Work required:
Would you return the data below exactly as it stands, with every picture left out?

Provided records:
BEGIN

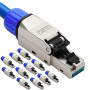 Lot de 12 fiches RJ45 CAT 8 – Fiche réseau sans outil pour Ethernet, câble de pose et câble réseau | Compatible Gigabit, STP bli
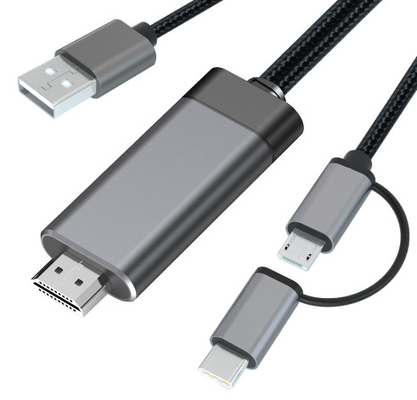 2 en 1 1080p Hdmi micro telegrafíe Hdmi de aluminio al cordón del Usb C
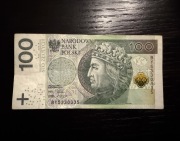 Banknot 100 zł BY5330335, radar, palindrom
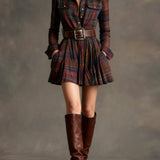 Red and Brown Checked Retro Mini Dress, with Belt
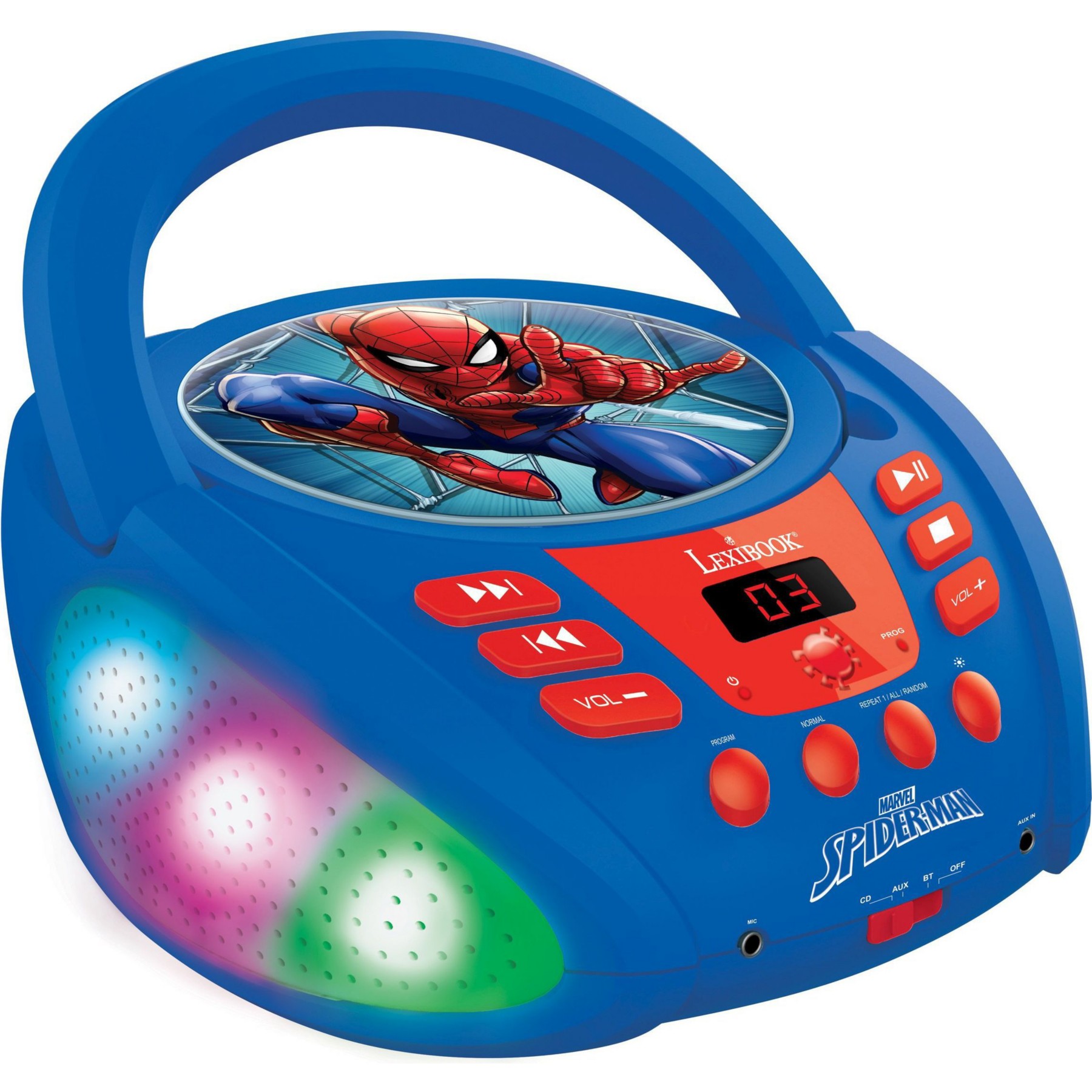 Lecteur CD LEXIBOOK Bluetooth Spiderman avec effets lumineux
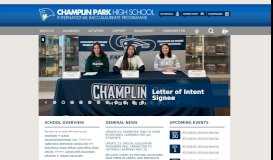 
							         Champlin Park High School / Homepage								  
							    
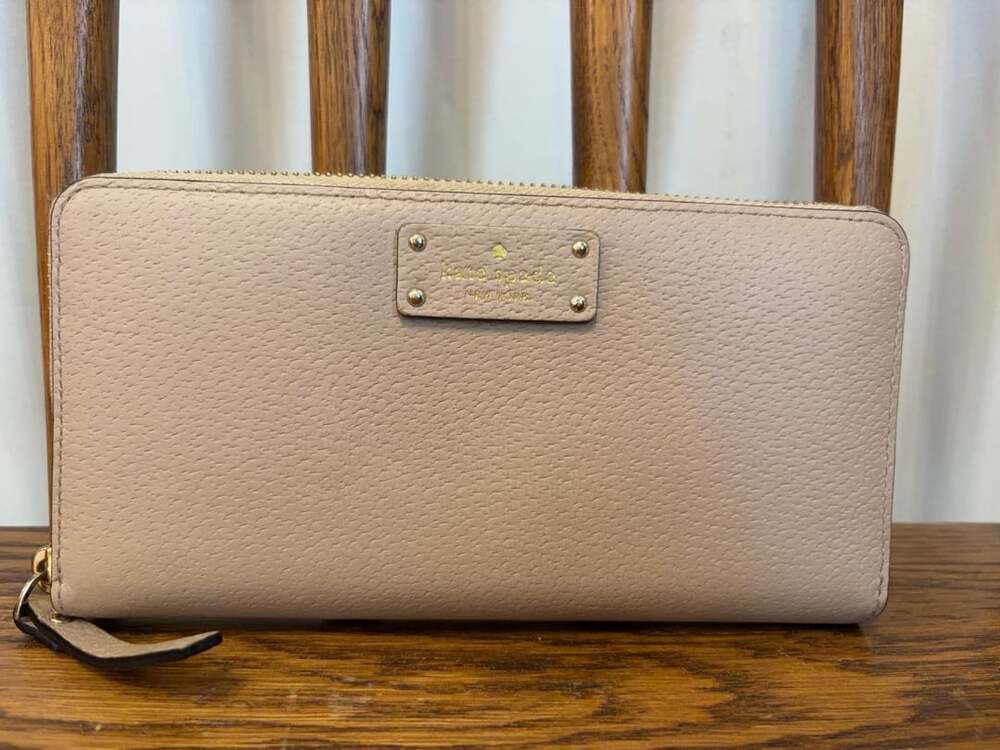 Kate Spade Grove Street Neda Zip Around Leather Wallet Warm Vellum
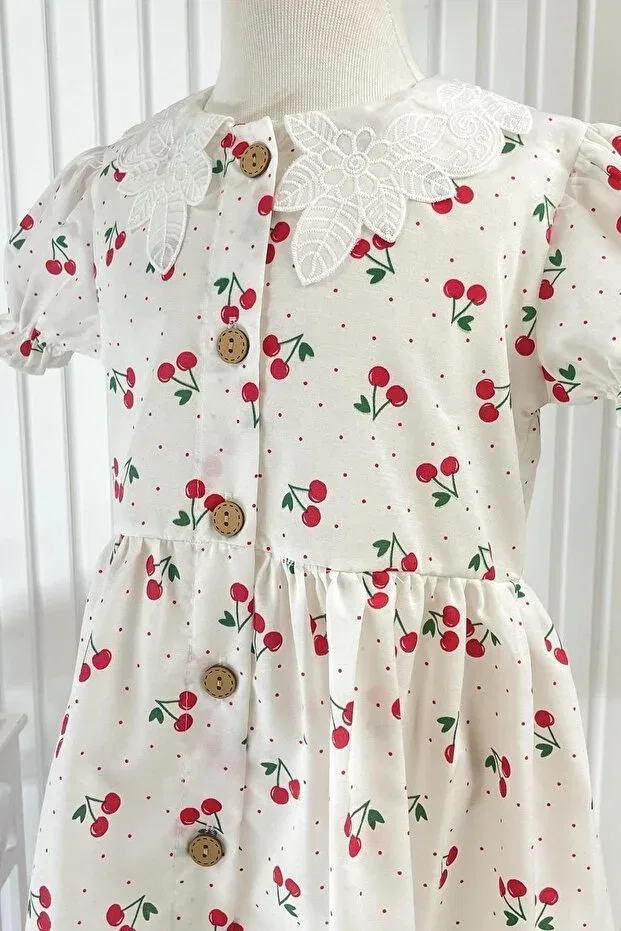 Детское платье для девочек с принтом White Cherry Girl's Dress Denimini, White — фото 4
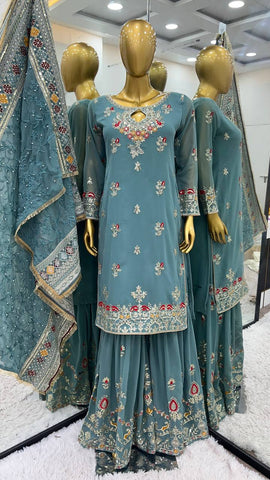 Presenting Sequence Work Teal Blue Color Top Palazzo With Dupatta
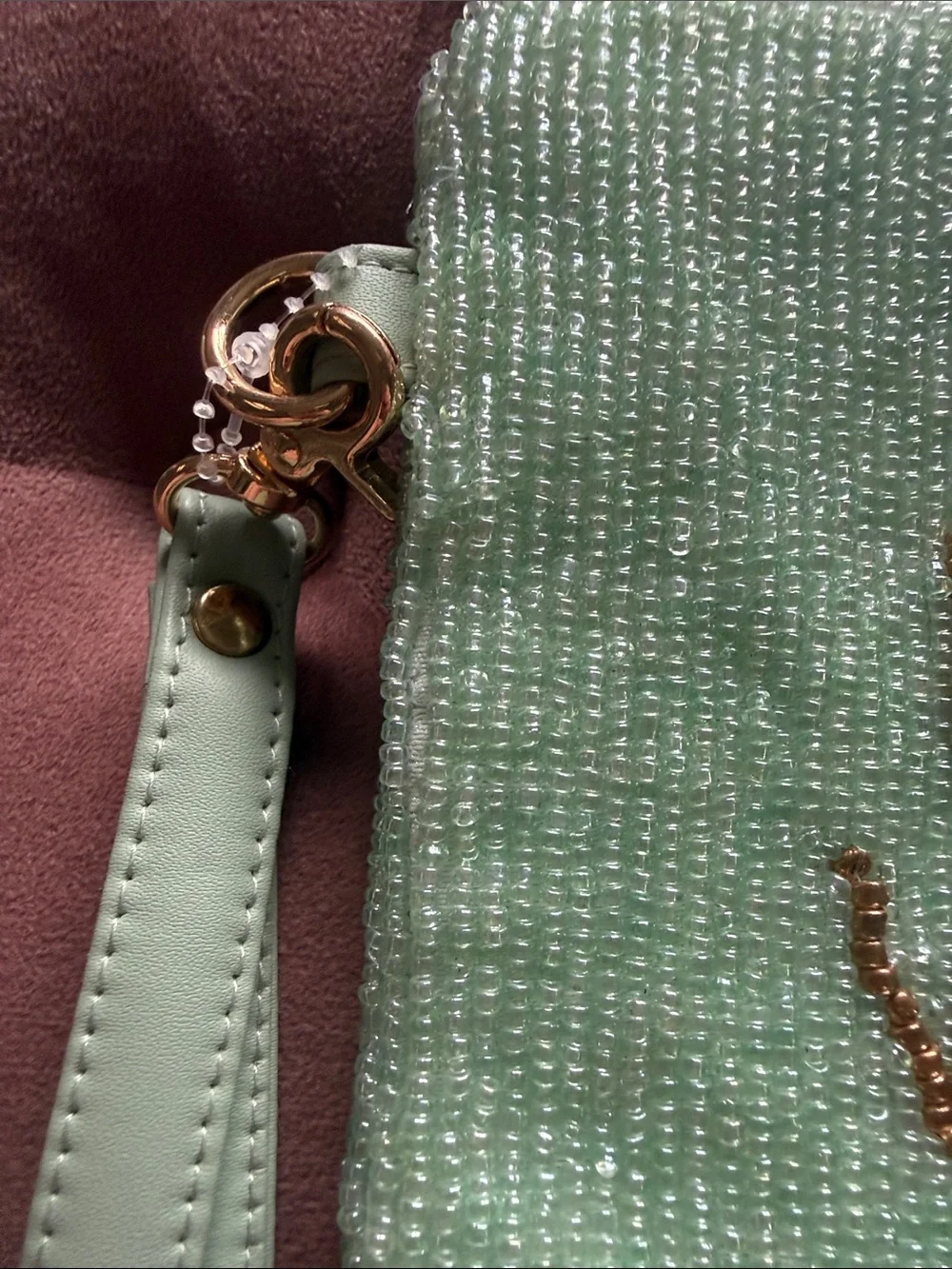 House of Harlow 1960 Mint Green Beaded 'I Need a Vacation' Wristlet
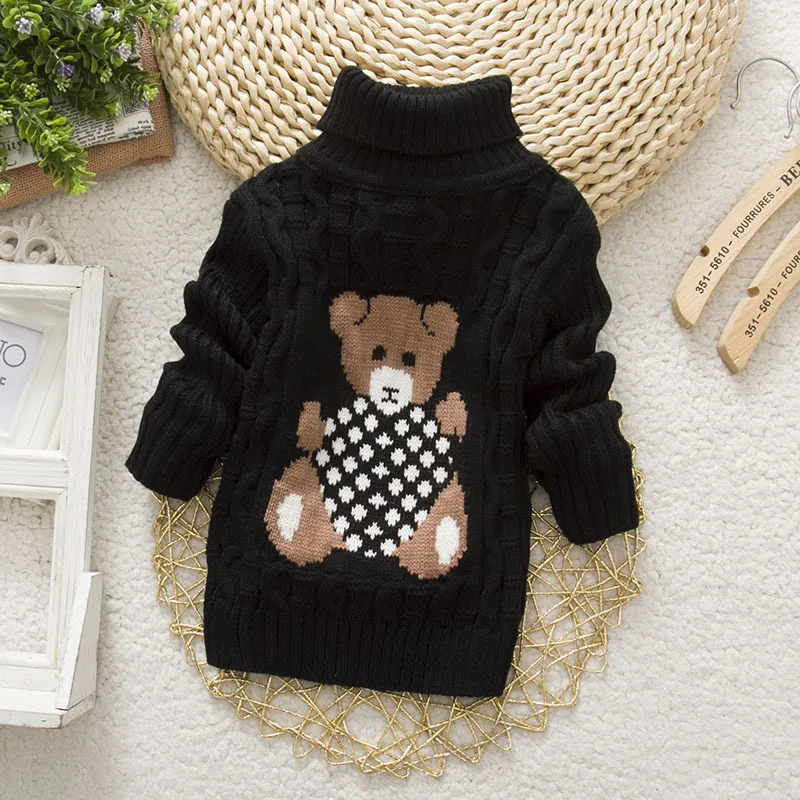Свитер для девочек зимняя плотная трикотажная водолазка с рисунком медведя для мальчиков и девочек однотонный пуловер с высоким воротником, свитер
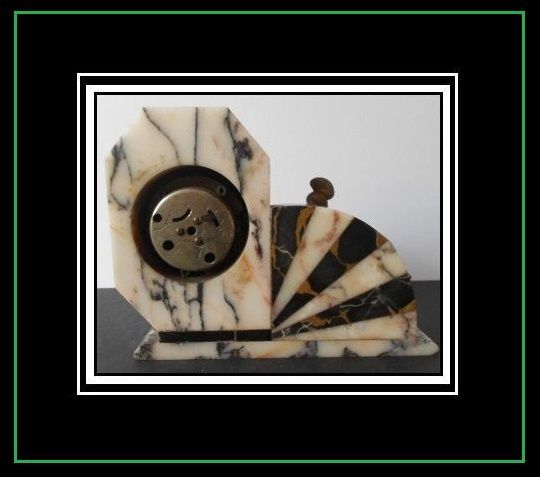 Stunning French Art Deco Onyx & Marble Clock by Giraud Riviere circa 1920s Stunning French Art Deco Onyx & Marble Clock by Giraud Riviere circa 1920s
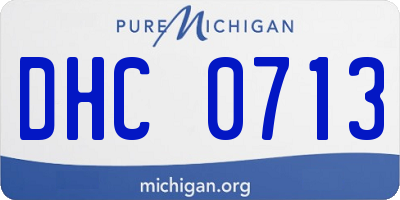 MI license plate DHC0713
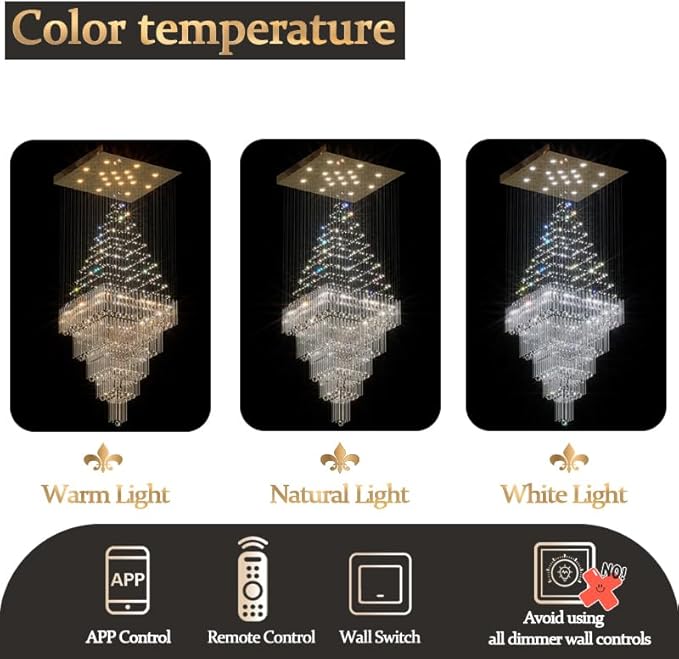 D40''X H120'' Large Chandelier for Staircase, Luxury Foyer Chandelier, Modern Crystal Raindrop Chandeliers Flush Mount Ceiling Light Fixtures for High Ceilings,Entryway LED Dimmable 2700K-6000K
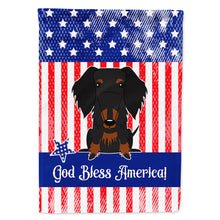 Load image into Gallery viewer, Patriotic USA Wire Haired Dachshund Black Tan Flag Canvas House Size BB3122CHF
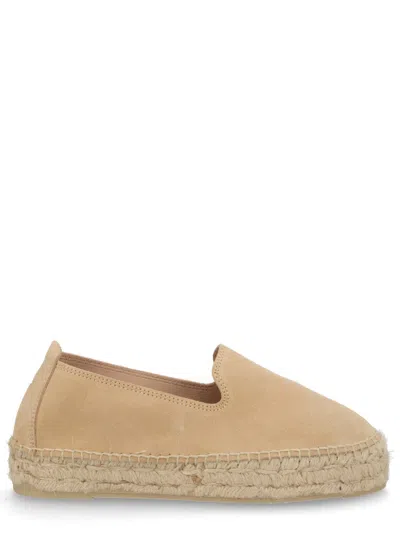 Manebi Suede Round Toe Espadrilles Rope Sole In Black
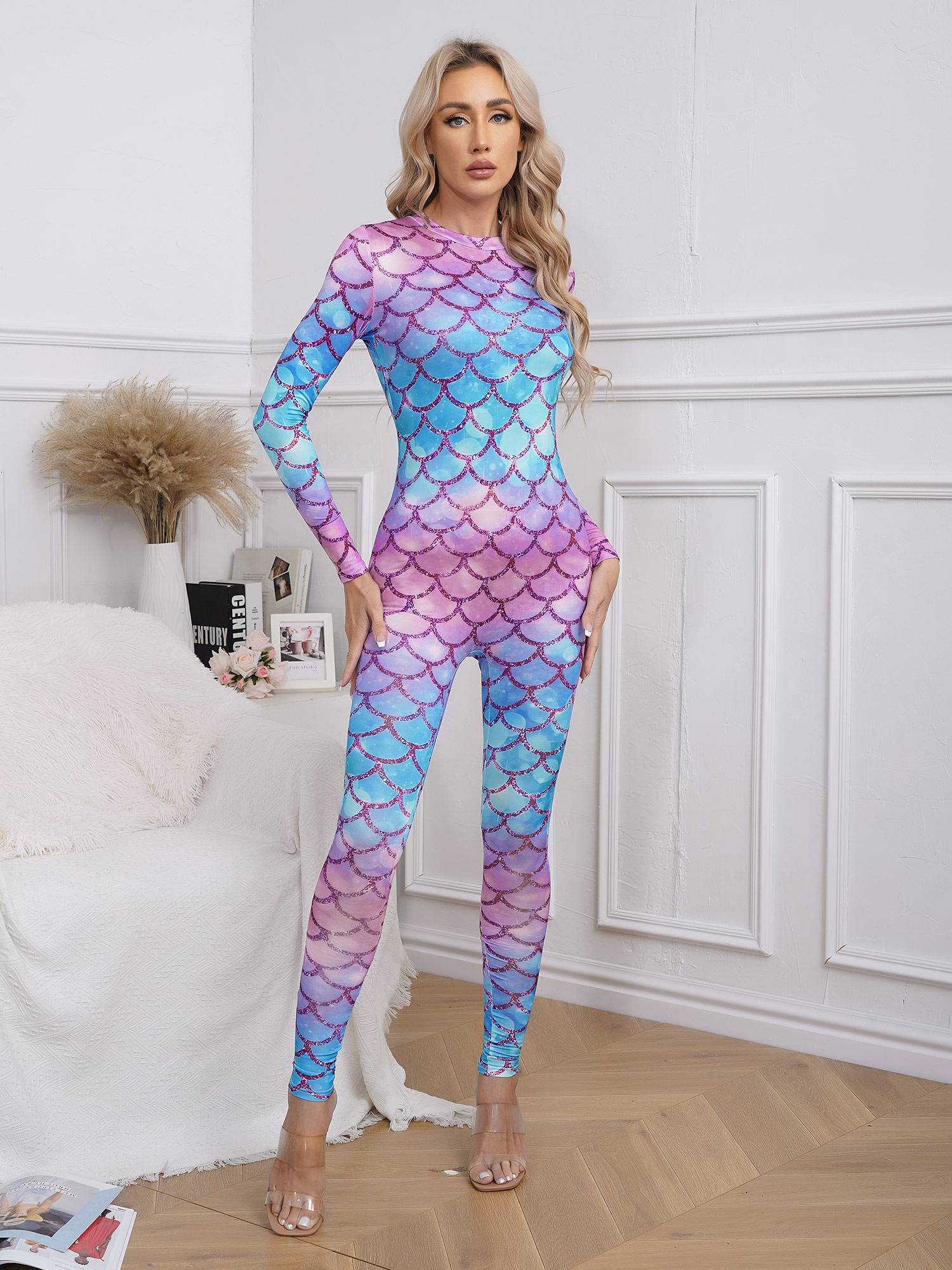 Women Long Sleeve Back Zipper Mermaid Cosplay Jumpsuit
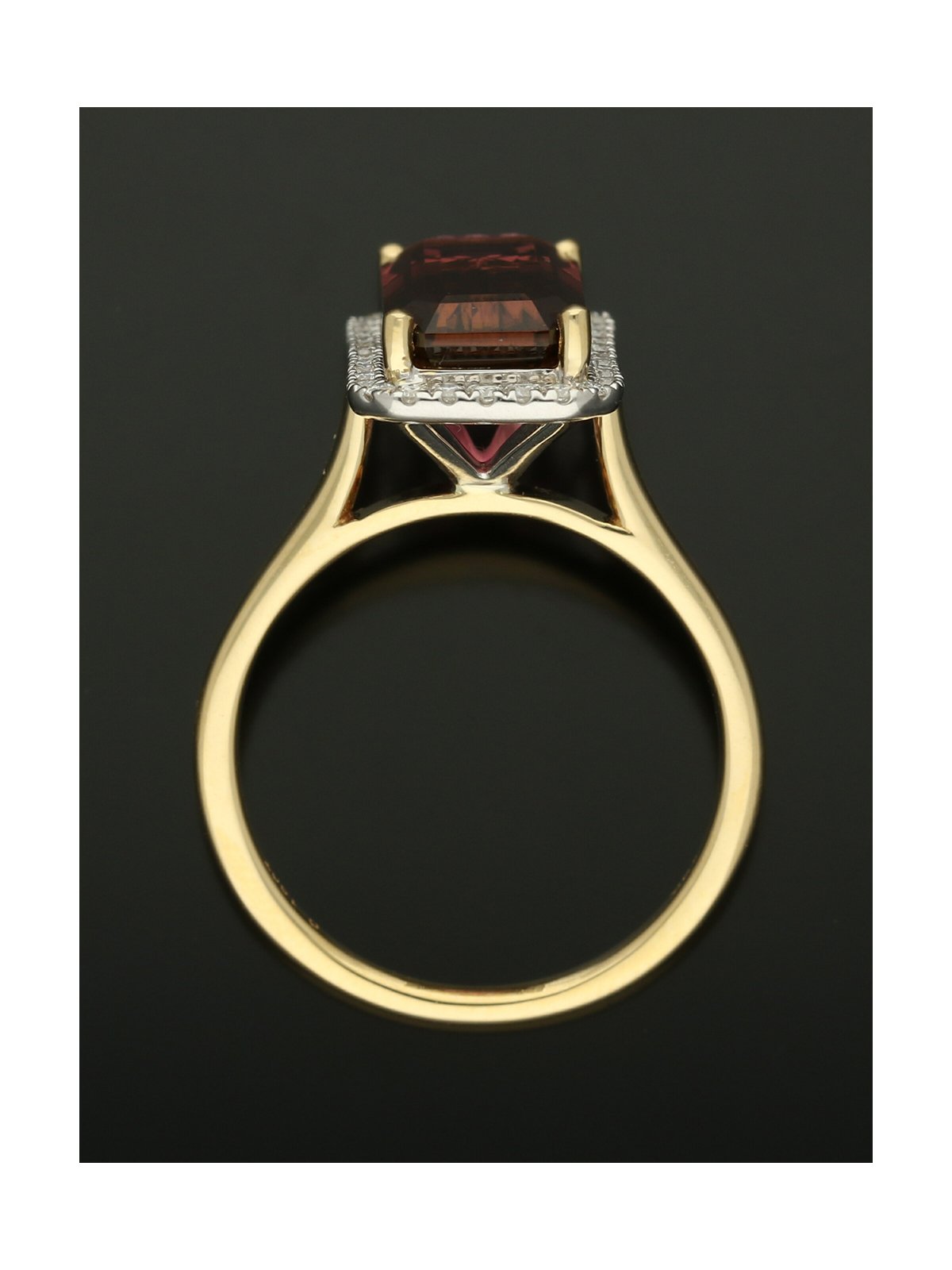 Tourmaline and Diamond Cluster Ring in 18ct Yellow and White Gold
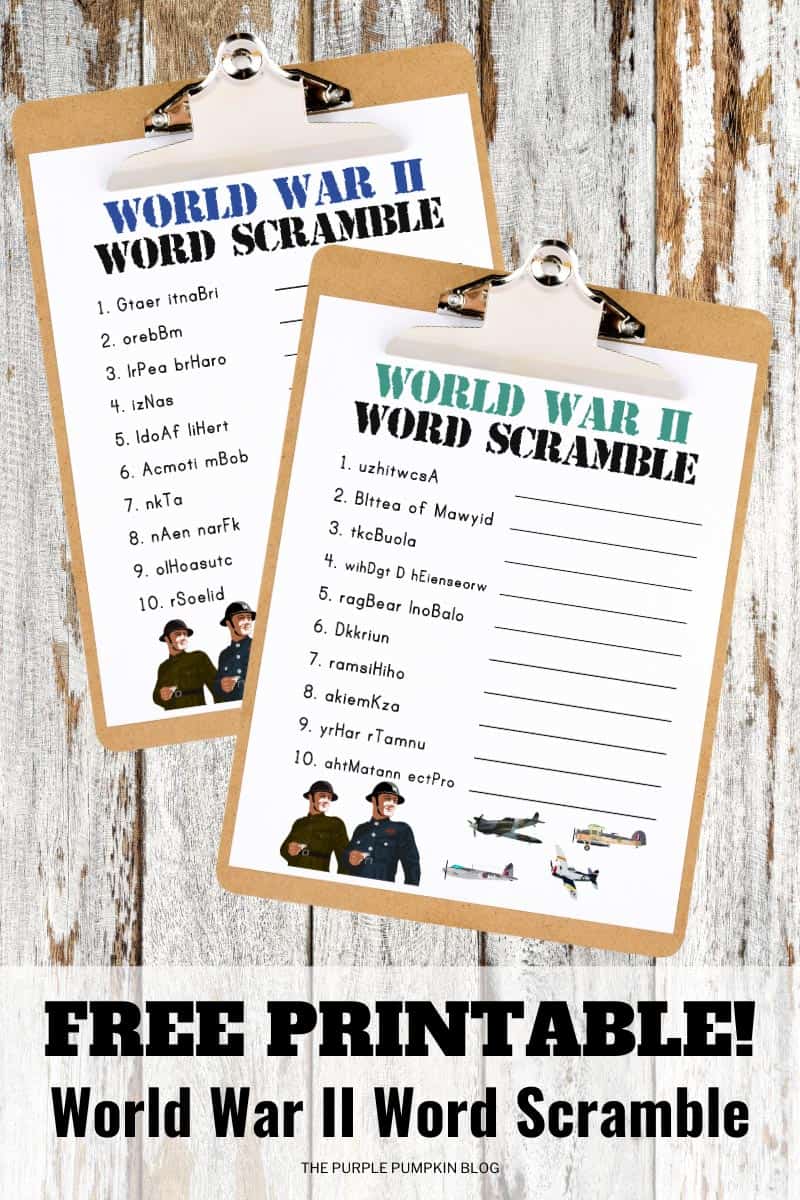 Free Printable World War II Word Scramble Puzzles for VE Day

END

The answer:
 Lot de 12 fiches RJ45 CAT 8 – Fiche réseau sans outil pour Ethernet, câble de pose et câble réseau | Compatible Gigabit, STP bli
 2 en 1 1080p Hdmi micro telegrafíe Hdmi de aluminio al cordón del Usb C
 Banknot 100 zł BY5330335, radar, palindrom
 Red and Brown Checked Retro Mini Dress, with Belt
 Lecteur CD LEXIBOOK Bluetooth Spiderman avec effets lumineux
							         Champlin Park High School / Homepage								  
							    
 Kate Spade Grove Street Neda Zip Around Leather Wallet Warm Vellum
 Детское платье для девочек с принтом White Cherry Girl's Dress Denimini, White — фото 4
 Presenting Sequence Work Teal Blue Color Top Palazzo With Dupatta
 House of Harlow 1960 Mint Green Beaded 'I Need a Vacation' Wristlet
Свитер для девочек зимняя плотная трикотажная водолазка с рисунком медведя для мальчиков и девочек однотонный пуловер с высоким воротником, свитер
 Stunning French Art Deco Onyx & Marble Clock by Giraud Riviere circa 1920s Stunning French Art Deco Onyx & Marble Clock by Giraud Riviere circa 1920s
 MI license plate DHC0713
 D40''X H120'' Large Chandelier for Staircase, Luxury Foyer Chandelier, Modern Crystal Raindrop Chandeliers Flush Mount Ceiling Light Fixtures for High Ceilings,Entryway LED Dimmable 2700K-6000K
 Load image into Gallery viewer, Patriotic USA Wire Haired Dachshund Black Tan Flag Canvas House Size BB3122CHF
 Manebi Suede Round Toe Espadrilles Rope Sole In Black
 Women Long Sleeve Back Zipper Mermaid Cosplay Jumpsuit
 Tourmaline and Diamond Cluster Ring in 18ct Yellow and White Gold
 Free Printable World War II Word Scramble Puzzles for VE Day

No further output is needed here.